In the simplest mathematical formulation of this problem, two inputs are used (often labor and capital), and the optimization problem seeks to minimize the total cost (amount spent on factors of production, say labor and physical capital) subject to achieving a given level of output, as illustrated in the graph. Each of the convex isoquants shows various combinations of labor and capital usage all of which would allow a given amount of output to be produced. Each straight line segment is an isocost curve showing various amounts of labor and capital whose combined usage would cost a given amount unique to that isocost curve. Conditional on producing the amount of output consistent with the middle isoquant, the lowest cost can be obtained by using amounts of labor and capital such that the point on the given isoquant is on the lowest possible isocost curve—at the point of tangency between the given isoquant and one of the cost curves. At the tangency, the marginal rate of technical substitution between the factors (the absolute value of the slope of the isoquant at the optimal point) equals the relative factor costs (the absolute value of the slope of the isocost curve).

This optimization can be formalized as follows:

$\text{Minimize}\, wL + rK \, \, \text{with respect to}\,\, L \,\, \text{and} \,\, K,$

 subject to

$f(L, K) = q,$

where L and K are the chosen quantities of labor and capital, w and r are the fixed unit costs of labor (wage rate) and capital (rental rate) respectively, f is the production function specifying how much output can be produced with any combination of inputs, and q is the fixed level of output required.

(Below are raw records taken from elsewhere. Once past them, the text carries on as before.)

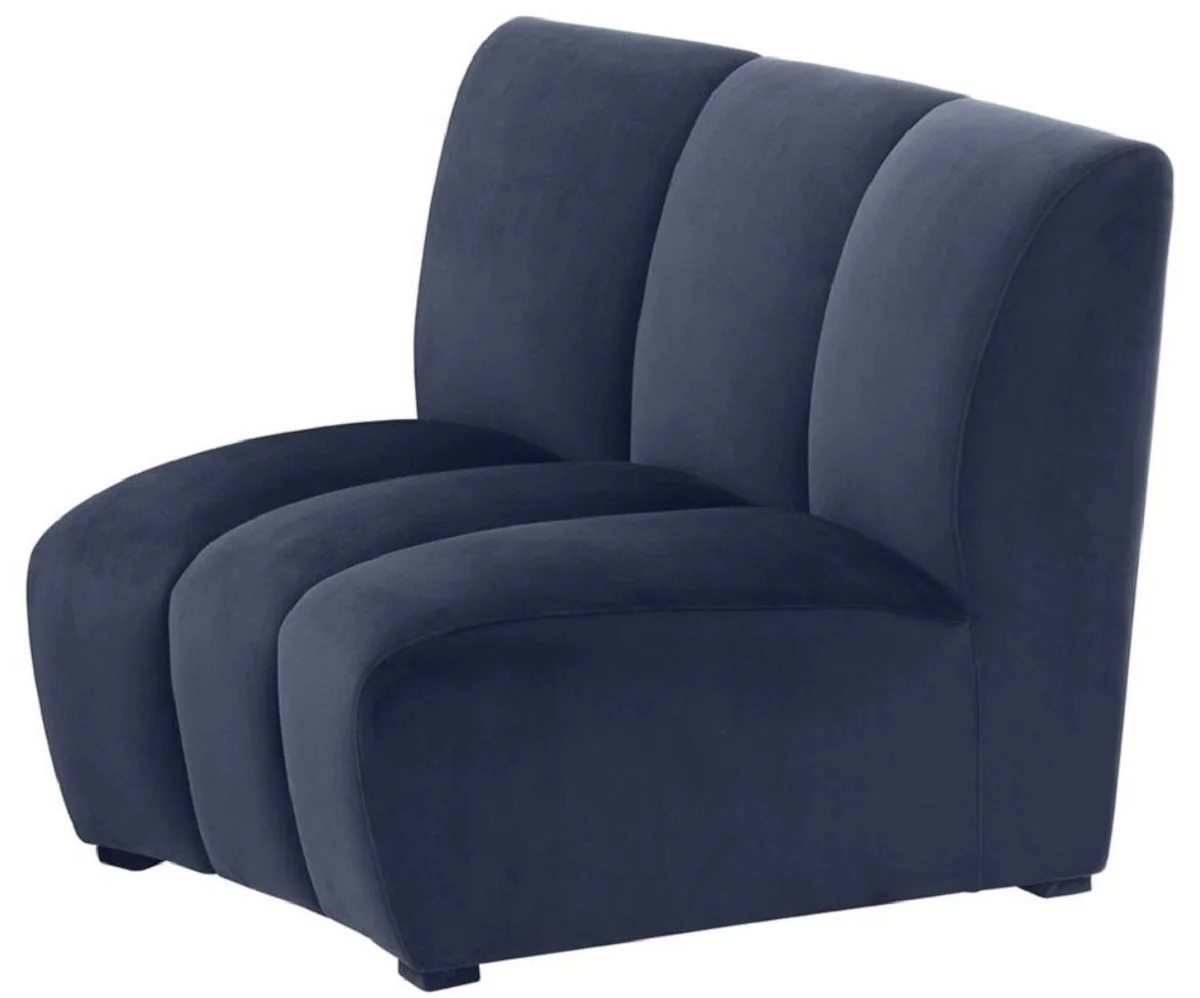 Luxus Samt Couch Mitternachtsblau 109 x 95 x H. 83,5 cm - Gebogenes & Erweiterbares Luxus Wohnzimmer Sofa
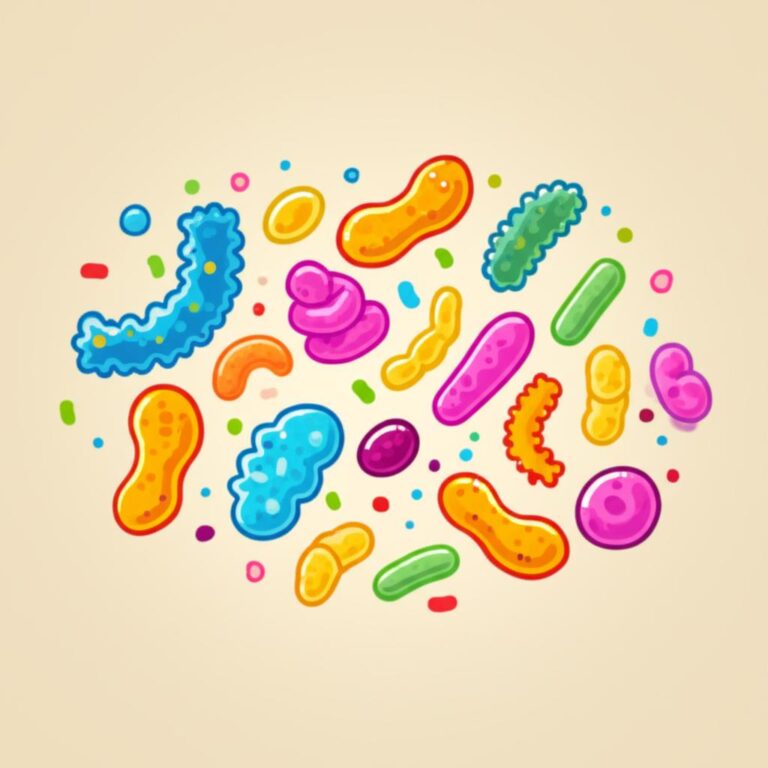 Ilustración de la diversidad de la microbiota intestinal con diferentes formas y colores de bacterias.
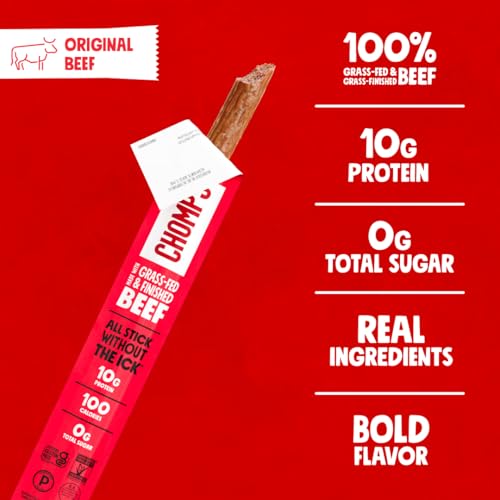 Chomps Grass-Fed and Finished Original Beef Jerky Snack Sticks 10-Pack – Keto, Paleo, Whole30, 10g Lean Meat Protein, Gluten-Free, Zero Sugar Food, Non-GMO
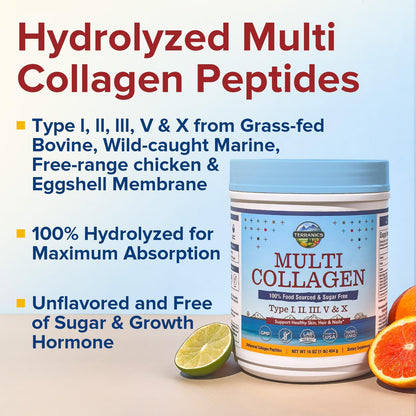 Terranics Multi Collagen Peptides Powder, Type I II III V X Hydrolyzed Collagen for Women+Men, Collagen Supplements, Fast Dissolve Terranics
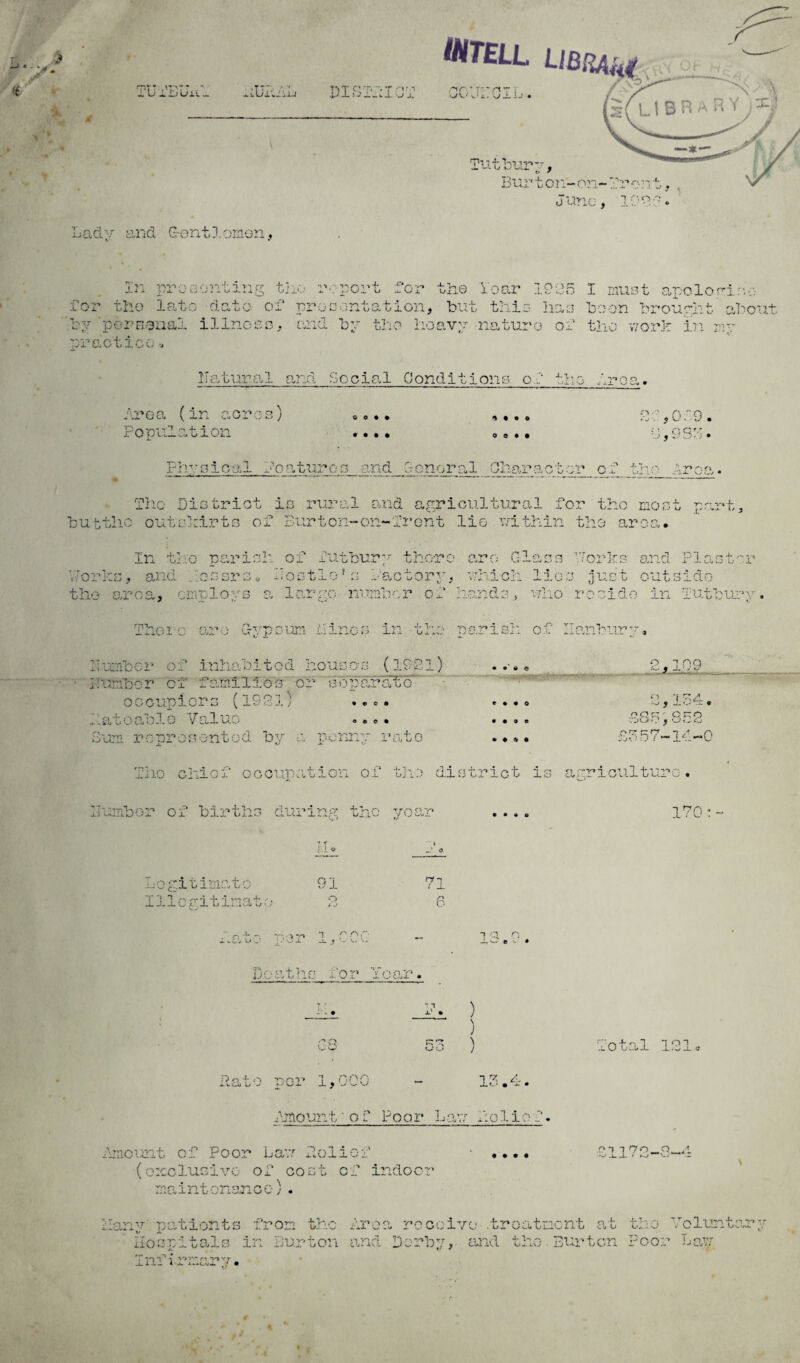for the lato date of presentation, but this has boon brought about by 'personal illness, and by the heavy • nature of the work in my practice ■. natural and Social Conditions of the Area. Area (in acros) Population o o • • • • • • ^ • o o o • • ft ? Of9. 0,932. Physical features end Sonoral Char a c t or cf_ _th1 r o a. The District is rural and agricultural for the most part. buttlic outskirts of Burton-on -Trent lie within the area. In the parish of Tut bur forms, and fossrs. Bostie's f the area, employs a largo nun -■ there c actory, bor of o *r» r. (**!■ 1 o cv <s; which lie hands, who 5 T r> ly o p yj D ~j r» 1- - •' 4/ a- It. ih Ctl 1 \.l j. J. sjj L- J. a just outside r osIdo in iut'burv. t. There are* Gypsum Lines In the parish of n ■ *m in iy>tv xJ.LjUi. --U A 9 Lumber of inhabited houses (1CC1) • •' • © 2,109 Lumber of families or separat'd occupiers (1921; .... .-.atoaolo Value ...» Sum represented by a penny rate e • • O • •90 • © © • ^, i ~ • BSD,S32 £357-14-0 Tno chioi occupation, oi the di surict is agriculture. Lumber of births during the •* r j\J. o year  j <5 • • • e 170 : - Legitimate 91 Illegitimate 2 71 • j- p- ~ -L ~ -r-\-n 1 r'r' A-Cj ot j S_. i. _i_ 1 - — 1 Q O --T ( • Deaths for Year jy. ) ) Total 1:7 On.i.o nnr 1,000 u f. - 13.4. Amount ‘ of Poor Law I:e 1 iof. Amount of Poor Law holief (exclusive of cost of indoor maintenance). • • • • £1172-3-4 many patients from the Area receive .treatment at the Volunteer; Hospitals in Burton and Derby, and the.Burton Poor Law , i Vir^rvvTfT -J_ i 1 - A-j. ' (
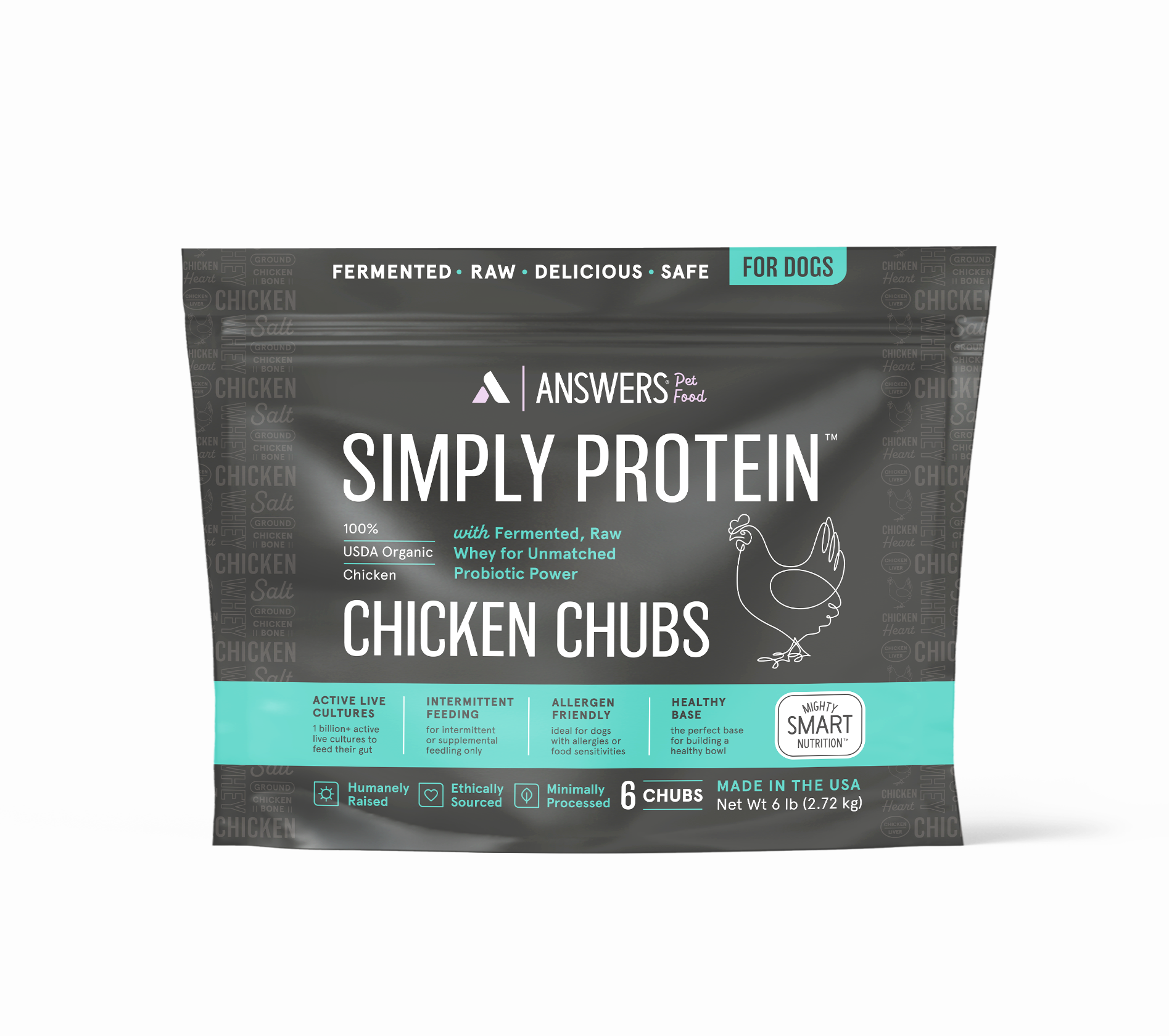 Answers Pet Food Simply Protein Fermented Organic Chicken for Dogs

The resulting factor demand functions are of the general form

$L(w, r\,; q)$
for labor demand, and

$K(w, r\,; q).$

for demand for physical capital. The wage rate and capital rental rates that affect the optimal input quantities can also be seen graphically because they both affect the slope of the isocost curves in the above graph, while the required quantity q of output affects them because it determines the relevant isoquant in the graph.

==Expansion path==

As the target level of output is increased, the relevant isoquant becomes further and further out from the origin, and still it is optimal in a cost-minimization sense to operate at the tangency point of the relevant isoquant with an isocost curve. The set of all such tangency points is called the firm's expansion path.